YOUR INSTRUCTIONS: Below are records with pictures in them. Output exactly the lines from the one with "High waves 05" through the one with "Costway Set Of", both included, and leave every picture out; give only those lines.

DATA FOR THE TASK:
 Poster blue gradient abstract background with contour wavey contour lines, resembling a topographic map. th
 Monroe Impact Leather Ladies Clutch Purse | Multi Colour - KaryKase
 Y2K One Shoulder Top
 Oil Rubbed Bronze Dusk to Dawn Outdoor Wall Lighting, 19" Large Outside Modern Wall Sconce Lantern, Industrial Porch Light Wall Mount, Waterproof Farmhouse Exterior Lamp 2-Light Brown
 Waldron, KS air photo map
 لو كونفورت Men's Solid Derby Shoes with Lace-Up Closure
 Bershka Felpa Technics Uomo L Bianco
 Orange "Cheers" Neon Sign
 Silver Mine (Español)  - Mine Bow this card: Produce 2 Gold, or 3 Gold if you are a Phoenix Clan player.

...

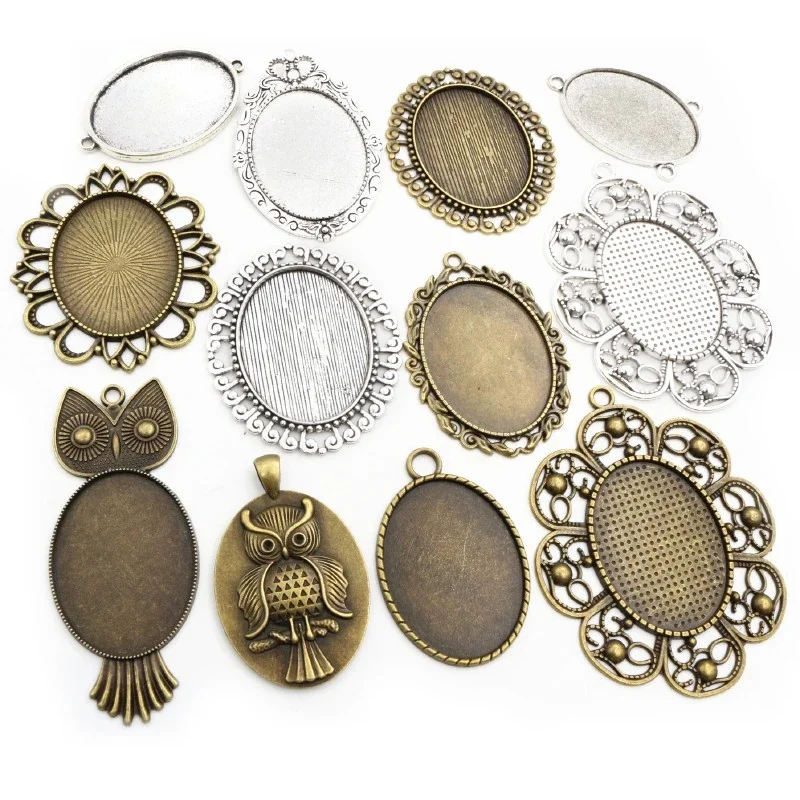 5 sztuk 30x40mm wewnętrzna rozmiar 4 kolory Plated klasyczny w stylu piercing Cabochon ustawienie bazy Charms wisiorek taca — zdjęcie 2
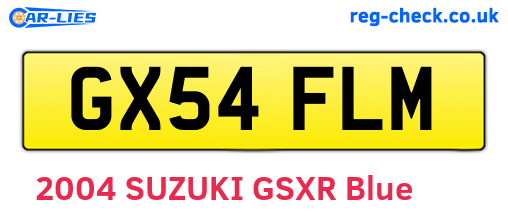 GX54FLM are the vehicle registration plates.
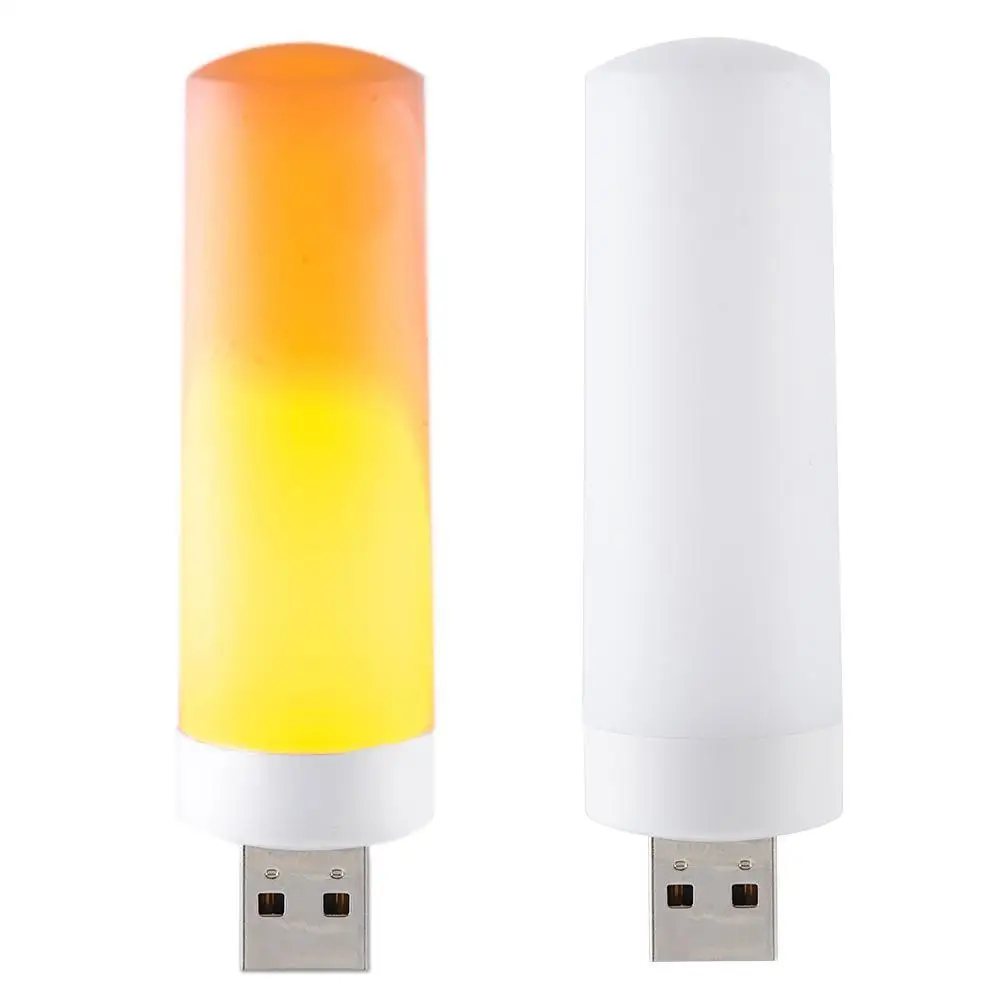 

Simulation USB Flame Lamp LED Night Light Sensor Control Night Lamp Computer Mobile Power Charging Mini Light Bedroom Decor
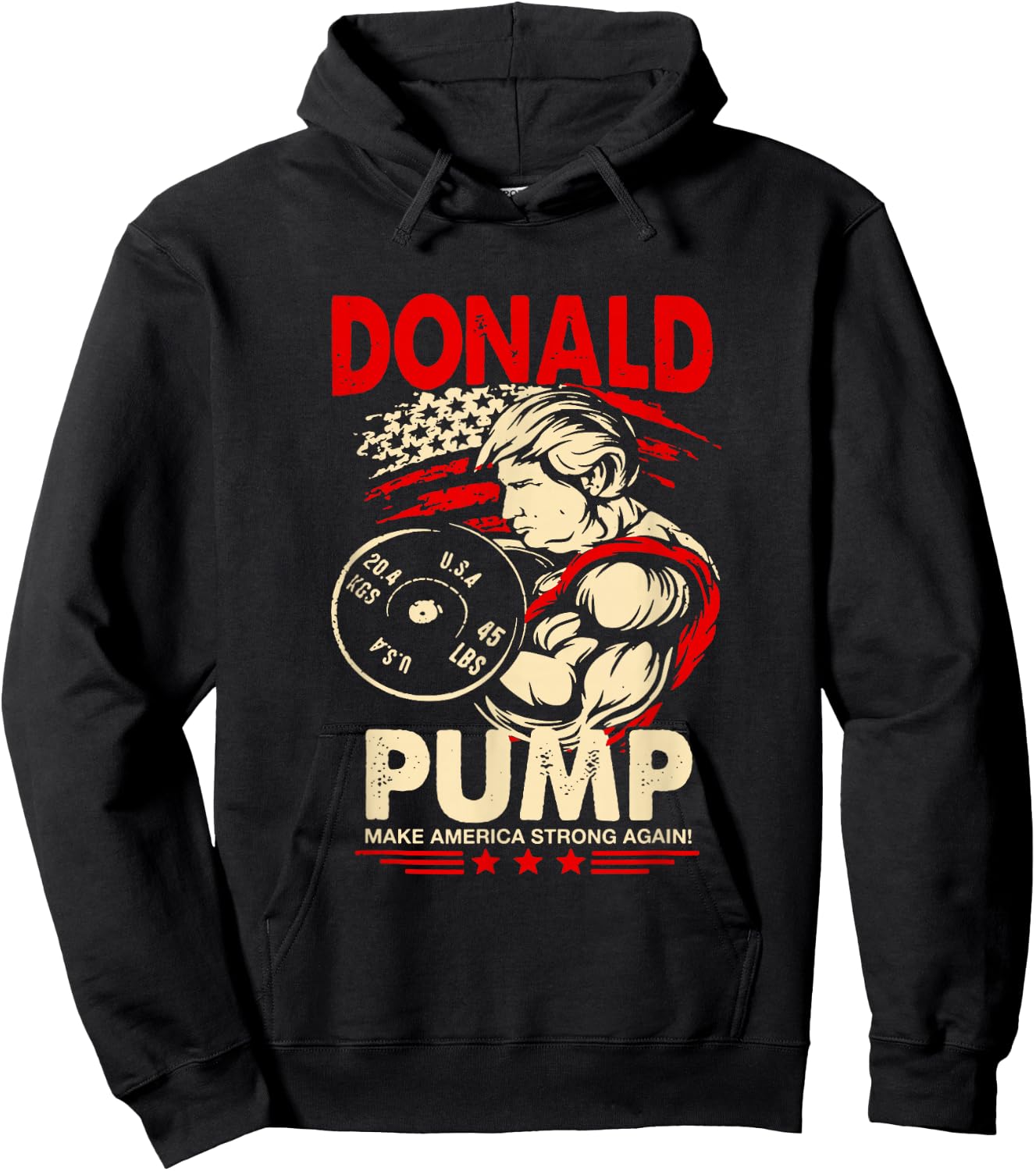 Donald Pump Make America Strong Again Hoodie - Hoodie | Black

--

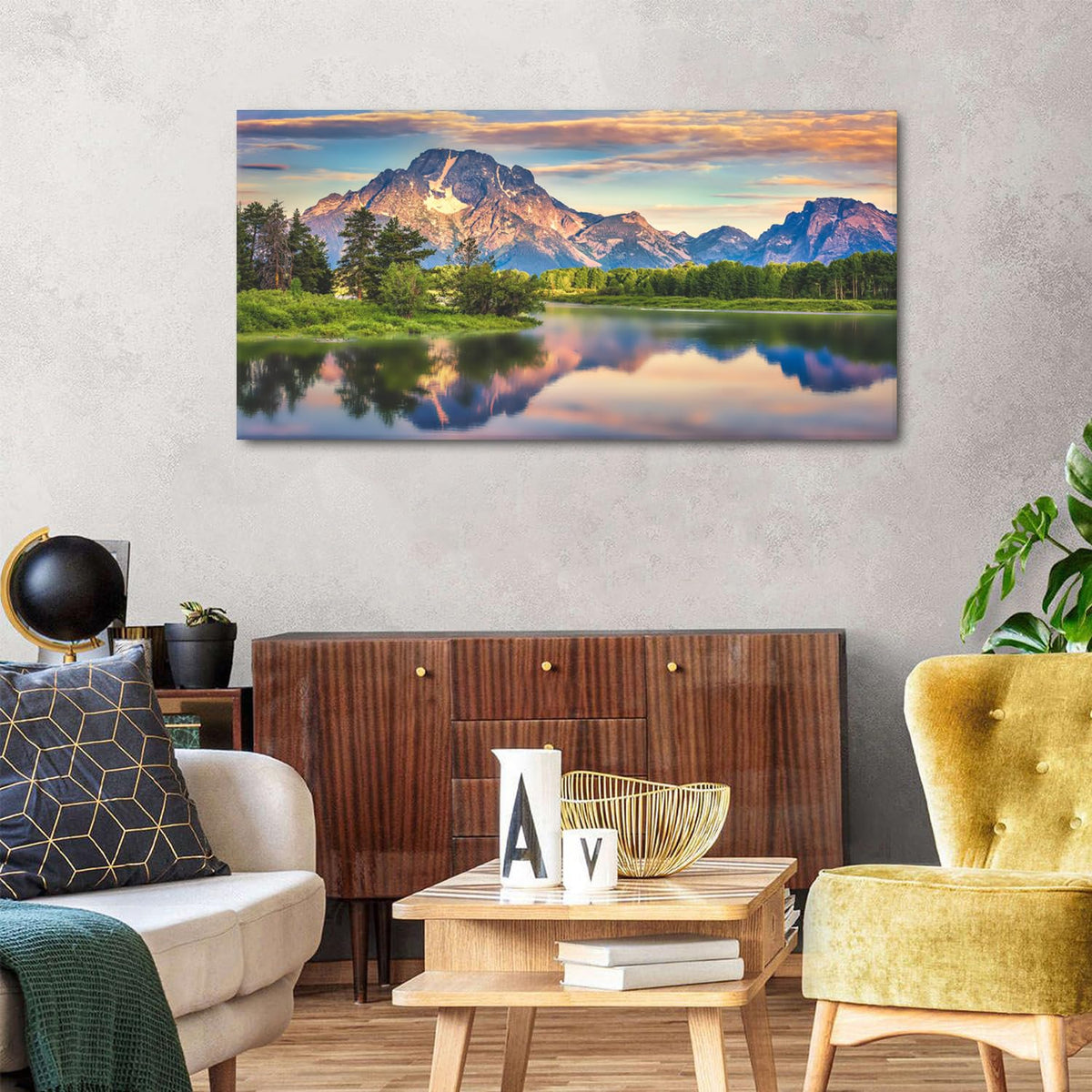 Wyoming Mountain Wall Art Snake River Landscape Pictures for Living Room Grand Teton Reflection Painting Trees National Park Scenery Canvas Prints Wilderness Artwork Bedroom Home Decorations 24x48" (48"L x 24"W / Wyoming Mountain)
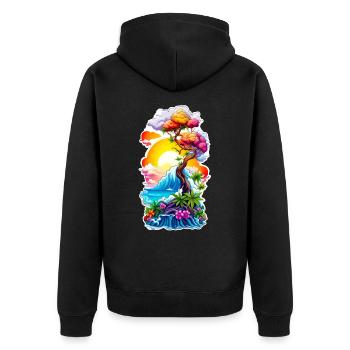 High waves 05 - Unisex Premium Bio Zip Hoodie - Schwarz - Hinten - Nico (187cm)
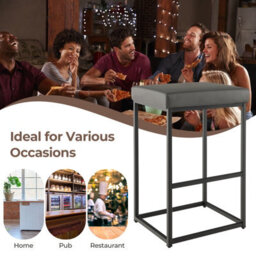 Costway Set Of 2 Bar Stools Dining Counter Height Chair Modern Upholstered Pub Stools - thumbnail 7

ANSWER TO THIS TASK:
 High waves 05 - Unisex Premium Bio Zip Hoodie - Schwarz - Hinten - Nico (187cm)
 Costway Set Of 2 Bar Stools Dining Counter Height Chair Modern Upholstered Pub Stools - thumbnail 7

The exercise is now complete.